Activity
Write out all of the entries, matching the original exactly.

Records shown

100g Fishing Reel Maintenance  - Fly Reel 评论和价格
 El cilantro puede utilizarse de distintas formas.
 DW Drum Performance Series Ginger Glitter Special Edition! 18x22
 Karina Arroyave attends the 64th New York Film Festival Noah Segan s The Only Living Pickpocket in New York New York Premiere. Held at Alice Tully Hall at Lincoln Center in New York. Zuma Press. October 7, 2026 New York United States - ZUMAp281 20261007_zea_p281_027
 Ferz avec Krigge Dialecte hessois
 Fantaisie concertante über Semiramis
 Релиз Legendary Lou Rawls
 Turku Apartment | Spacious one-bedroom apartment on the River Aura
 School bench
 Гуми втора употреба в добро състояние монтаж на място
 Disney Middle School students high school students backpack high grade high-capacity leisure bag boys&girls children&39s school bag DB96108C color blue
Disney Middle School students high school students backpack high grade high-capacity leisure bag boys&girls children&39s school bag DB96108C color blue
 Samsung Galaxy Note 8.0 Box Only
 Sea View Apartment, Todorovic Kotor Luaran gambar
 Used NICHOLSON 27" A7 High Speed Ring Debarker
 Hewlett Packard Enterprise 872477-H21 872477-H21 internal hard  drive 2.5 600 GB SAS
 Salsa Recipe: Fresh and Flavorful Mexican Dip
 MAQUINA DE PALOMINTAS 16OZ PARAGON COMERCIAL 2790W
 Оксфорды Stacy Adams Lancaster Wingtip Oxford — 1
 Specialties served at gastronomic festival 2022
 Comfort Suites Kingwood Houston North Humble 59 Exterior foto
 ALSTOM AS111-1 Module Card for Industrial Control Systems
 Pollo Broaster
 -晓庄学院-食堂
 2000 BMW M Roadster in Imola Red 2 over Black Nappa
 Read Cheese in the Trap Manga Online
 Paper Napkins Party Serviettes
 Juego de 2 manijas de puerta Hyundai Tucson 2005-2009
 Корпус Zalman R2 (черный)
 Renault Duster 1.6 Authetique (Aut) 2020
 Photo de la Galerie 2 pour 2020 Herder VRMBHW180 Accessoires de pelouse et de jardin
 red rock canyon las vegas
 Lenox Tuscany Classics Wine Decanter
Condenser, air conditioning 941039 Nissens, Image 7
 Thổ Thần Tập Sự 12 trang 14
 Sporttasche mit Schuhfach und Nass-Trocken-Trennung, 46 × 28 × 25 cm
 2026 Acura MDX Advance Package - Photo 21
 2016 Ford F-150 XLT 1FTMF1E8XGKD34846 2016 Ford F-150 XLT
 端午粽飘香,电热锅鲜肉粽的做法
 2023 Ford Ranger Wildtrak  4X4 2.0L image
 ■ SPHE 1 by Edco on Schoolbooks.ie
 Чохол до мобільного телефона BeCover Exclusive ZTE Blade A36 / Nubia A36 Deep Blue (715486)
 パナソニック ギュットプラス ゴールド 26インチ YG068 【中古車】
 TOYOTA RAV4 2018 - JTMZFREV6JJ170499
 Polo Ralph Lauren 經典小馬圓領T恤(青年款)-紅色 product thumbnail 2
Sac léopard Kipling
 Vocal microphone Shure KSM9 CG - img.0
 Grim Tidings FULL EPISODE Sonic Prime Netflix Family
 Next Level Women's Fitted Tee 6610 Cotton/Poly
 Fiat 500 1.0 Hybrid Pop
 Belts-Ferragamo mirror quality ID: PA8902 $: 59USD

Task output
100g Fishing Reel Maintenance  - Fly Reel 评论和价格
 El cilantro puede utilizarse de distintas formas.
 DW Drum Performance Series Ginger Glitter Special Edition! 18x22
 Karina Arroyave attends the 64th New York Film Festival Noah Segan s The Only Living Pickpocket in New York New York Premiere. Held at Alice Tully Hall at Lincoln Center in New York. Zuma Press. October 7, 2026 New York United States - ZUMAp281 20261007_zea_p281_027
 Ferz avec Krigge Dialecte hessois
 Fantaisie concertante über Semiramis
 Релиз Legendary Lou Rawls
 Turku Apartment | Spacious one-bedroom apartment on the River Aura
 School bench
 Гуми втора употреба в добро състояние монтаж на място
 Disney Middle School students high school students backpack high grade high-capacity leisure bag boys&girls children&39s school bag DB96108C color blue
Disney Middle School students high school students backpack high grade high-capacity leisure bag boys&girls children&39s school bag DB96108C color blue
 Samsung Galaxy Note 8.0 Box Only
 Sea View Apartment, Todorovic Kotor Luaran gambar
 Used NICHOLSON 27" A7 High Speed Ring Debarker
 Hewlett Packard Enterprise 872477-H21 872477-H21 internal hard  drive 2.5 600 GB SAS
 Salsa Recipe: Fresh and Flavorful Mexican Dip
 MAQUINA DE PALOMINTAS 16OZ PARAGON COMERCIAL 2790W
 Оксфорды Stacy Adams Lancaster Wingtip Oxford — 1
 Specialties served at gastronomic festival 2022
 Comfort Suites Kingwood Houston North Humble 59 Exterior foto
 ALSTOM AS111-1 Module Card for Industrial Control Systems
 Pollo Broaster
 -晓庄学院-食堂
 2000 BMW M Roadster in Imola Red 2 over Black Nappa
 Read Cheese in the Trap Manga Online
 Paper Napkins Party Serviettes
 Juego de 2 manijas de puerta Hyundai Tucson 2005-2009
 Корпус Zalman R2 (черный)
 Renault Duster 1.6 Authetique (Aut) 2020
 Photo de la Galerie 2 pour 2020 Herder VRMBHW180 Accessoires de pelouse et de jardin
 red rock canyon las vegas
 Lenox Tuscany Classics Wine Decanter
Condenser, air conditioning 941039 Nissens, Image 7
 Thổ Thần Tập Sự 12 trang 14
 Sporttasche mit Schuhfach und Nass-Trocken-Trennung, 46 × 28 × 25 cm
 2026 Acura MDX Advance Package - Photo 21
 2016 Ford F-150 XLT 1FTMF1E8XGKD34846 2016 Ford F-150 XLT
 端午粽飘香,电热锅鲜肉粽的做法
 2023 Ford Ranger Wildtrak  4X4 2.0L image
 ■ SPHE 1 by Edco on Schoolbooks.ie
 Чохол до мобільного телефона BeCover Exclusive ZTE Blade A36 / Nubia A36 Deep Blue (715486)
 パナソニック ギュットプラス ゴールド 26インチ YG068 【中古車】
 TOYOTA RAV4 2018 - JTMZFREV6JJ170499
 Polo Ralph Lauren 經典小馬圓領T恤(青年款)-紅色 product thumbnail 2
Sac léopard Kipling
 Vocal microphone Shure KSM9 CG - img.0
 Grim Tidings FULL EPISODE Sonic Prime Netflix Family
 Next Level Women's Fitted Tee 6610 Cotton/Poly
 Fiat 500 1.0 Hybrid Pop
 Belts-Ferragamo mirror quality ID: PA8902 $: 59USD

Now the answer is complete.